10 Aug 2017

How to parse a proto3 message with FParsec

I would like to try FParsec fsharp parser to parse proto3 message.

I used this FParsec tutorial first in order to be more familiar with this library.

Disclaimer

This is not a production code proto3 specification is here if you want to continue with this script.

The proto3 message sample

proto3 is a message format used by protobuf-net for example and could be export from type having some attributes indicating the mapping Id <-> properties and other metadata for the serialization configuration.

For more information about proto spec, read this documentation.

To start, I will use this first sample and make step by step all parsers to get the type info in this structure :

type Type = 
    | Scalar of string
    | Custom of string

type FieldSpec = 
    { Id : int
      Type: Type
      Name : string }

type Field = 
    | Required of FieldSpec
    | Optional of FieldSpec
    | Repeated of FieldSpec

type Message = 
    { Name : string
      Fields : Field list } 

Here is the sample that we will use all along this post :

    message CalculateInfo {
    required string CalStarttime=1;
    optional string CalEndtime=2;
    required string Smiles=3;
    optional string CAS=4;
    optional string ChName=5;
    optional string EnName=6;
    required string Param=7;
    required bytes Result=8;
    required bool IsFinished=9;
    required bool IsFinished=9; }

    message GetAllCalulateResponse{
        required bool  isSuccessful = 1;
        required int32 Count=2;
        repeated CalculateInfo History=3; }

Lets go !

The FParsec references (I will write with REPL style, so I will use a .fsx).

#I __SOURCE_DIRECTORY__
#r "packages/FParsec/lib/net40-client/FParsecCS.dll"
#r "packages/FParsec/lib/net40-client/FParsec.dll"
#r "System.Core.dll"
#r "System.dll"
#r "System.Drawing.dll"
#r "System.Numerics.dll"

open FParsec

Step 1 : extracting the name of the message

In our case we want to extract the first message name : CalculateInfo

let msgSample = "message CalculateInfo {"

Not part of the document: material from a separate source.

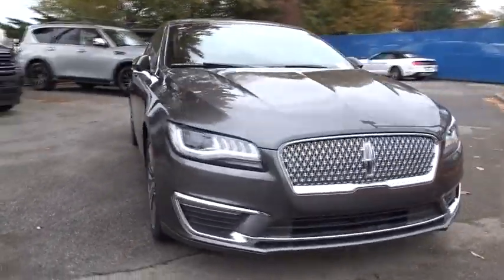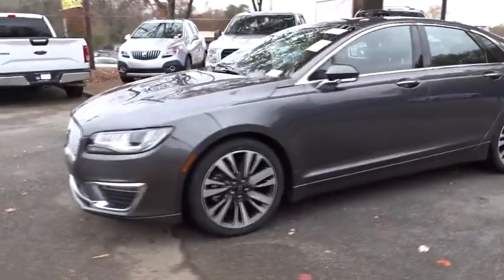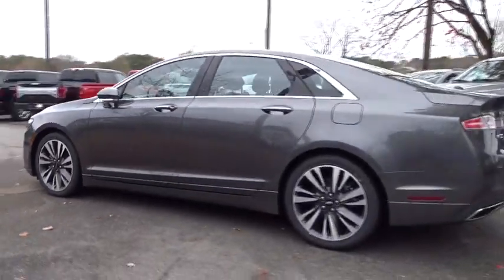The 2017 Lincoln MKZ. With sharp angles, sleek lines, and a sculpted body, the Lincoln MKZ has an impressive stance and a dynamic design.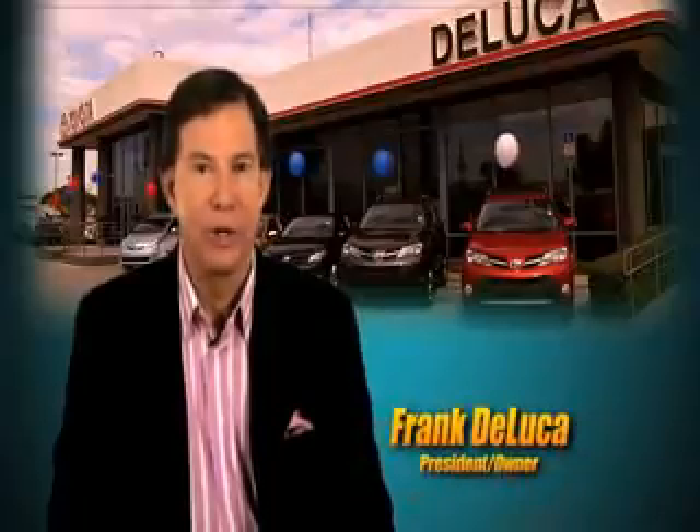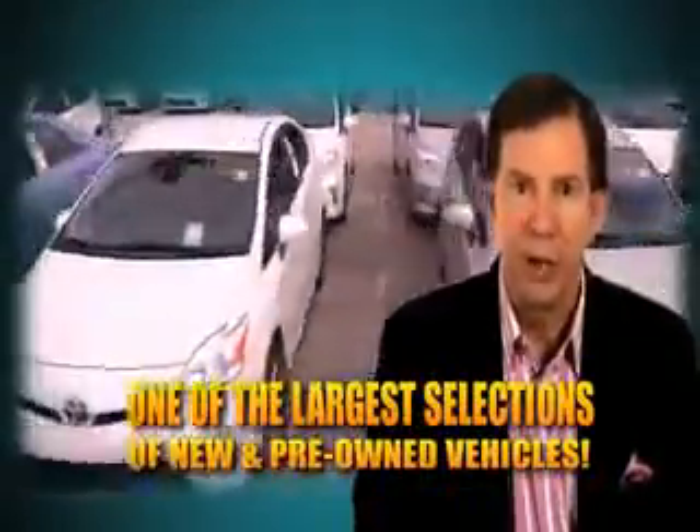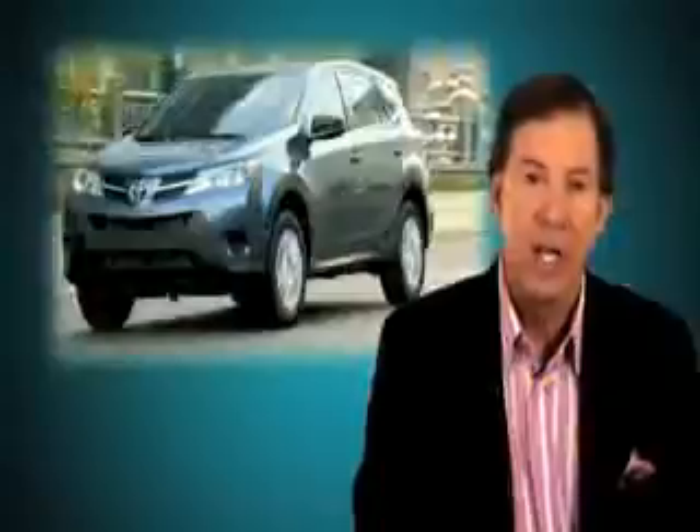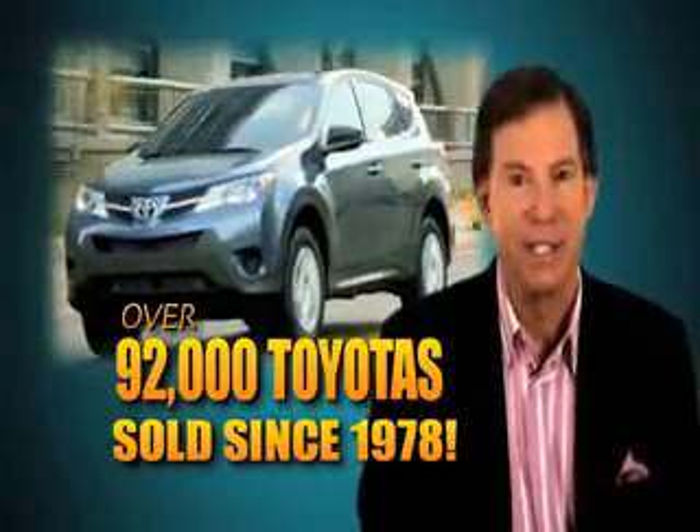Hi, I'm Frank DeLuca, president and owner of DeLuca Toyota. We can assist you with all of your automotive needs. We have one of the largest selections of new and pre-owned vehicles in North Central Florida. Come see why we've sold over 92,000 Toyotas since 1978.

let pMessage = spaces >>. pstringCI "message" >>. spaces >>. (noneOf "{ " |> manyChars) 

run pMessage msgSample

The pMessage function will :

  • skip any spaces (including line break),
  • parse the world (case insensitive) “message”,
  • skip any spaces
  • extract any chars (manyChars will convert chars to string) except (noneOf take a string and extract each char as blacklist) “ “ (whitespace) and “{“.

The interactive will print this result :

val it : ParserResult<string,unit> = Success: "CalculateInfo"

Step 2 : Parse 1 field

let fieldSample = "required string CalStarttime=1"

let fieldSpec f t n i = f { FieldSpec.Id=i; Type=t; Name=n }
let pRequired = stringCIReturn "required" (fieldSpec Required)

run pRequired fieldSample

The pRequired will parse the word (case insensitive) required and return the fieldSpec with the parameter Required. Let see the fieldSpec func : f parameter could be one of the choice defined into the type :

type Field = 
    | Required of FieldSpec
    | Optional of FieldSpec
    | Repeated of FieldSpec

When we look at the proto3 field definition we will parse in order :

required string CalStarttime=1

1/ Field rule 2/ Type 3/ Name 4/ Id

Look at the fieldSpec fun (defined in the previous code part) is exactly the adapter function that parsing after parsing will be applied to become in the end a Field instance.

Let just adapt the parser in order to parse the field rules optional or repeated :

let ws = pchar ' ' |> manyChars |>> ignore

let fieldSample = "required string CalStarttime=1"

let fieldSpec f t n i = f { FieldSpec.Id=i; Type=t; Name=n }
let pRequired = stringCIReturn "required" (fieldSpec Required)
let pOptional = stringCIReturn "optional" (fieldSpec Optional)
let pRepeated = stringCIReturn "repeated" (fieldSpec Repeated)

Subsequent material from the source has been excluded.